F-HPV typing™ Multiplex Fluorescent-PCR Kit For Human Papilloma Virus (HPV) Genotyping
Cervical cancer is the second most common cancer causing death in women with an annual incidence of around half a million and a mortality of almost 50%.
The most important risk factor for the development of cervical cancer is genital infection with human papillomavirus (HPV). More than 100 types are known, of which at least 30 usually infect the anogenital tract. HPVs are classified into low and high-risk categories based on their association with malignant lesions. The low-risk types include HPV-6, -11, -42 and -44, and mostly cause the development of genital condylomata (warts).
The high-risk types HPV-16, -18, -31, -33, -35, -39, -45, -51, -52, -56, -58, -59 and -68, induce cervical squamous intraepithelial lesions (SIL), which in turn are classified in low (LSIL) and high grade (HSIL) in severity, and which may progress to cervical cancer. In fact these 13 high-risk HPV types have been shown to be present in up to 99.7% of cervical cancer samples, the most frequently detected being HPV-16, followed by HPV-18, -31, -51, and -45.
Several studies have shown that a persistent HPV infection with the same high-risk type is a risk factor for the development and progression of lesions. If no high-risk specific HPV is present in a cervical sample, the patient has a very low risk to develop cancer for some years.
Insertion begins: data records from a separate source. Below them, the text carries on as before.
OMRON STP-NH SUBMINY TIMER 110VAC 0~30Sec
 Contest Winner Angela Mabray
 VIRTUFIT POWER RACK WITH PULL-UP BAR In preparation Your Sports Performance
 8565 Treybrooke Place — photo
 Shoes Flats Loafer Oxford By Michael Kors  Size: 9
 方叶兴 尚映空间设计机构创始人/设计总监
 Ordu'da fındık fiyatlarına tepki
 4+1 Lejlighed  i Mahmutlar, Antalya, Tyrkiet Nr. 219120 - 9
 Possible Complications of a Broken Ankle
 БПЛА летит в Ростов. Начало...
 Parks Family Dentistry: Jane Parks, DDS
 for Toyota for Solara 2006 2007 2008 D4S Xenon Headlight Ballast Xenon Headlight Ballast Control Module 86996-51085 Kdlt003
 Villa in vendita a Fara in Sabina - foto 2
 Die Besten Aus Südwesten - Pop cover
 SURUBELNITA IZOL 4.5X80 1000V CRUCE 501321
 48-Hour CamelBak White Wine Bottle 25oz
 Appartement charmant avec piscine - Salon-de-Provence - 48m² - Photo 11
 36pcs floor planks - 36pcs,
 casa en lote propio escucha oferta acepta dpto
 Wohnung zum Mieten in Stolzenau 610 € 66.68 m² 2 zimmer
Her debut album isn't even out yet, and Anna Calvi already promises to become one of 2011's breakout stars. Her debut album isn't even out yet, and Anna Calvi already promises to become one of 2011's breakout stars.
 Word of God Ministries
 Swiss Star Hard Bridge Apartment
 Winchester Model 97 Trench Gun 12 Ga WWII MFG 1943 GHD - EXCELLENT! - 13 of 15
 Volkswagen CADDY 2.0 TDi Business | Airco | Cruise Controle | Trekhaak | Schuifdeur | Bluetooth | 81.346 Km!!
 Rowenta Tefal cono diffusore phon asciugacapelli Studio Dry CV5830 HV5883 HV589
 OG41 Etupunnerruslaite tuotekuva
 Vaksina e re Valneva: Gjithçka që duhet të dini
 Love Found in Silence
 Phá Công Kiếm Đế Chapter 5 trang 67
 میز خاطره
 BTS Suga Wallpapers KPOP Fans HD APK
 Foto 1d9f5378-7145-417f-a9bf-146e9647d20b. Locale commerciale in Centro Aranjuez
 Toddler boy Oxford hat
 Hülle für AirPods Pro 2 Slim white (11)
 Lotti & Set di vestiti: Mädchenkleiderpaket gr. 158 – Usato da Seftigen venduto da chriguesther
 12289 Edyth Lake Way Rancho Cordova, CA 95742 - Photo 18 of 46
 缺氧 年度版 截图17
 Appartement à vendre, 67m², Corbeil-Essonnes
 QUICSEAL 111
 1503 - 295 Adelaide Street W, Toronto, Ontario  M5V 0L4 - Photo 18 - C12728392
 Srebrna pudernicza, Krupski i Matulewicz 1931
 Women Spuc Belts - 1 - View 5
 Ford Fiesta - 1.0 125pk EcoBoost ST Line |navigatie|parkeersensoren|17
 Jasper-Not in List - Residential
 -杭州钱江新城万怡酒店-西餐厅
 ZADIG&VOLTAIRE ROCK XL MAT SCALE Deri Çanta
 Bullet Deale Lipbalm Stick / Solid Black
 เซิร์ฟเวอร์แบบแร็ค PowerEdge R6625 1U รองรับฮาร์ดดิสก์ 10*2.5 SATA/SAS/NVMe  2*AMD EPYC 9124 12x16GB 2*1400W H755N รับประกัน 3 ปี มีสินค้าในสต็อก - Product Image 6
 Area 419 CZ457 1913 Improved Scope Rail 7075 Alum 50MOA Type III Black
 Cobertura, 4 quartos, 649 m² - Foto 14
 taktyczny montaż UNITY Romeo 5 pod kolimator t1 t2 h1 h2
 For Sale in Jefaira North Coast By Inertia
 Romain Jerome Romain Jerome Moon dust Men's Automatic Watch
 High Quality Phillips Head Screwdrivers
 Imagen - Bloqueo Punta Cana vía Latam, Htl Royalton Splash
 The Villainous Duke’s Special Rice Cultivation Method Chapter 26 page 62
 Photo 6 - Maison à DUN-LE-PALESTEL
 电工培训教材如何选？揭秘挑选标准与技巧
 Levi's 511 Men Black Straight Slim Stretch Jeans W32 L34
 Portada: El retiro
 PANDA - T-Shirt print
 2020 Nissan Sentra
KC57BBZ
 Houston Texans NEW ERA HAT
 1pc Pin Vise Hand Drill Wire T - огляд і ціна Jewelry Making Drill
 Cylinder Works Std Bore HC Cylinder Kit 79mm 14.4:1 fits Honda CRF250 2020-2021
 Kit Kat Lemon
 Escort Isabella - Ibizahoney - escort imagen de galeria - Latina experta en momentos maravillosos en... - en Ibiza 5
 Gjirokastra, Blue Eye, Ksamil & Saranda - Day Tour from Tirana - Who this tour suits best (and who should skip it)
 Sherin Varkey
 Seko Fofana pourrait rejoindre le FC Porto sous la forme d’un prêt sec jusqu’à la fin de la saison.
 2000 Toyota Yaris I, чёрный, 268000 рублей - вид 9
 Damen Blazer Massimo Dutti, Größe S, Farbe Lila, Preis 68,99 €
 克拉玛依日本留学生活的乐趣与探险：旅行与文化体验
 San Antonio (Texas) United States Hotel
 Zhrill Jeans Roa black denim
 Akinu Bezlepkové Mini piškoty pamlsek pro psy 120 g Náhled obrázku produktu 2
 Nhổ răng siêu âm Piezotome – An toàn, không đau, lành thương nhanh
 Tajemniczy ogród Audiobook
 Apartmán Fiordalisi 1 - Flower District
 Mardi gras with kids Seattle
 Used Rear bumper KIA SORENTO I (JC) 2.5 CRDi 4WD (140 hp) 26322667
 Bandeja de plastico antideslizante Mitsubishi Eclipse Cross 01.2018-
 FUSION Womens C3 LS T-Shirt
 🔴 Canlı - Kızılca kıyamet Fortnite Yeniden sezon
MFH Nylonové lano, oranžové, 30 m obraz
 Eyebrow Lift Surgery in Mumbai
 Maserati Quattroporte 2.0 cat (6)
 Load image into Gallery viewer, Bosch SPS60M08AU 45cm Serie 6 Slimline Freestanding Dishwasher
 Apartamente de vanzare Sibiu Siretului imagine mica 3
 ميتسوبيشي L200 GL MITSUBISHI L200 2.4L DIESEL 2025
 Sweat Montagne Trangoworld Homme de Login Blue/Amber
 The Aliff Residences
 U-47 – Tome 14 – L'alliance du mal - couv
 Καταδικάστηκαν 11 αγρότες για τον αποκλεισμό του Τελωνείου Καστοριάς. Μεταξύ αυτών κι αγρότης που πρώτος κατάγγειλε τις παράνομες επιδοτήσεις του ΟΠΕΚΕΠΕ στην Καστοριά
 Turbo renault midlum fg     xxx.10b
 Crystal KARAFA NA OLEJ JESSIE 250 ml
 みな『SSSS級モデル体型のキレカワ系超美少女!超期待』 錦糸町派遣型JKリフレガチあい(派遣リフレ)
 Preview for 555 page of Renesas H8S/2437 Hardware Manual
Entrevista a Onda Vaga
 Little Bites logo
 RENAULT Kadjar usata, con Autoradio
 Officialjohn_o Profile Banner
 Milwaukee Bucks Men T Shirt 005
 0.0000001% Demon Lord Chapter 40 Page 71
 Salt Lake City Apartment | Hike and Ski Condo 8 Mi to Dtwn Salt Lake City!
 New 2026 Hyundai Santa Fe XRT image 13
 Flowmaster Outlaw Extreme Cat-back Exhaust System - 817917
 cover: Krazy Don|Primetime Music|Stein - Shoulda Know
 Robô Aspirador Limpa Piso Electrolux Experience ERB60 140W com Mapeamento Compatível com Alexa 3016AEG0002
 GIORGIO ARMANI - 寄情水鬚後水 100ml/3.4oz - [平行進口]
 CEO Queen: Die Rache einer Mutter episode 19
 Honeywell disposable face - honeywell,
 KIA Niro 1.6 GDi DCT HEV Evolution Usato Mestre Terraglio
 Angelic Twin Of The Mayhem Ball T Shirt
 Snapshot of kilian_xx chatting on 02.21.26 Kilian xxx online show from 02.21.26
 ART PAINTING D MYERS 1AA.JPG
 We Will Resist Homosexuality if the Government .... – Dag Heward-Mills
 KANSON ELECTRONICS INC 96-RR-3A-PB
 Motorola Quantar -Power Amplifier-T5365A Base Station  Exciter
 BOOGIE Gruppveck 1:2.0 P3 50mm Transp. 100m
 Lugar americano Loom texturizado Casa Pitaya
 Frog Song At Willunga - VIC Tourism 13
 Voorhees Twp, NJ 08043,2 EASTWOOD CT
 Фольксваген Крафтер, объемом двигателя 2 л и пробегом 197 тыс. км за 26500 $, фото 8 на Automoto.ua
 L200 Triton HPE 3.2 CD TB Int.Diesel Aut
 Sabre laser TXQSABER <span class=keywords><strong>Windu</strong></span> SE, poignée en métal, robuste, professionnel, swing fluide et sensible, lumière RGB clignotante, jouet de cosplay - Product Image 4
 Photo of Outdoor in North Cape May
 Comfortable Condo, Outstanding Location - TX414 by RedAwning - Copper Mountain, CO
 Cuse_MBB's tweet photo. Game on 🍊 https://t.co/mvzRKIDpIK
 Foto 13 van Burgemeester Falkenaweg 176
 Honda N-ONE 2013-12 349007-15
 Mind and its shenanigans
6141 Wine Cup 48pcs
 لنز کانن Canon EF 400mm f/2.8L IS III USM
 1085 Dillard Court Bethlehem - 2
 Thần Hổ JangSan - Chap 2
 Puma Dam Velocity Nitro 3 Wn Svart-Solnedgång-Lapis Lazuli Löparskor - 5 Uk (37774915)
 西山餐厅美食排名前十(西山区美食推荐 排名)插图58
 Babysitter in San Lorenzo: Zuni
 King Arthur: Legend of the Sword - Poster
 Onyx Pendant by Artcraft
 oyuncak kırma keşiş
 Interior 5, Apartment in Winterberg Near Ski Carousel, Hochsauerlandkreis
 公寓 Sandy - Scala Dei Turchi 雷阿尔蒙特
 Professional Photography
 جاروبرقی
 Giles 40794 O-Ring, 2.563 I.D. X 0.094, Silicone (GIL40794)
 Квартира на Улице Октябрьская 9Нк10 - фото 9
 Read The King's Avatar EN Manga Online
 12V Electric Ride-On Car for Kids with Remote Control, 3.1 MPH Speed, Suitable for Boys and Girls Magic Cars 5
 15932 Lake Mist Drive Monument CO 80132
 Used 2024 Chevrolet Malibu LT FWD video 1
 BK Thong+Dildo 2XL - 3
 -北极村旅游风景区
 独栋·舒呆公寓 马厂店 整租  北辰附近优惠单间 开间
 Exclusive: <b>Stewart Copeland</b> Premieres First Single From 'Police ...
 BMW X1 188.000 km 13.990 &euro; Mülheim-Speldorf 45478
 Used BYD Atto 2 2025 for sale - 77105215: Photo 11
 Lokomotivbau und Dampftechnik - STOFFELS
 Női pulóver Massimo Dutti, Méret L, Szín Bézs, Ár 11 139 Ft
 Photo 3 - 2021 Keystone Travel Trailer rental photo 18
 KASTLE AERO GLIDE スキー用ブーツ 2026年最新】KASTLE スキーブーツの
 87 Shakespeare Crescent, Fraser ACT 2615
However, if a patient treated of CIN has another positive HPV test within six months after treatment, it will be more predictive of a risk of recurrence for the patient.
On the other hand, women with more than one high-risk type HPV present at the cervix are more likely to have a persistent infection, and are at a strongly increased risk of developing cervical cancer. Therefore, distinguishing between low or high-risk HPV genotypes and especially knowing the specific type is important in the prognostic and follow-up because this permits pinpointing patients with an increased risk for the disease.
F-HPV typing™ uses 15 primers amplifying within E6 and E7 regions of the HPV genome, the most likely to be retained after viral integration. Extracted DNA is amplified using a multiplex PCR with a set of 16 fluorescently labelled primers recognising HPV types 6, 11, 16, 18, 31, 33, 35, 39, 45, 51, 52, 56, 58, 59, 68 and a human STR used as internal control. This sequence is added to check DNA integrity and PCR inhibitors; it is also helpful in detecting DNA mixtures due to sample mishandling. Different labelling of primers allows to generate amplicons of similar size in the same PCR reaction.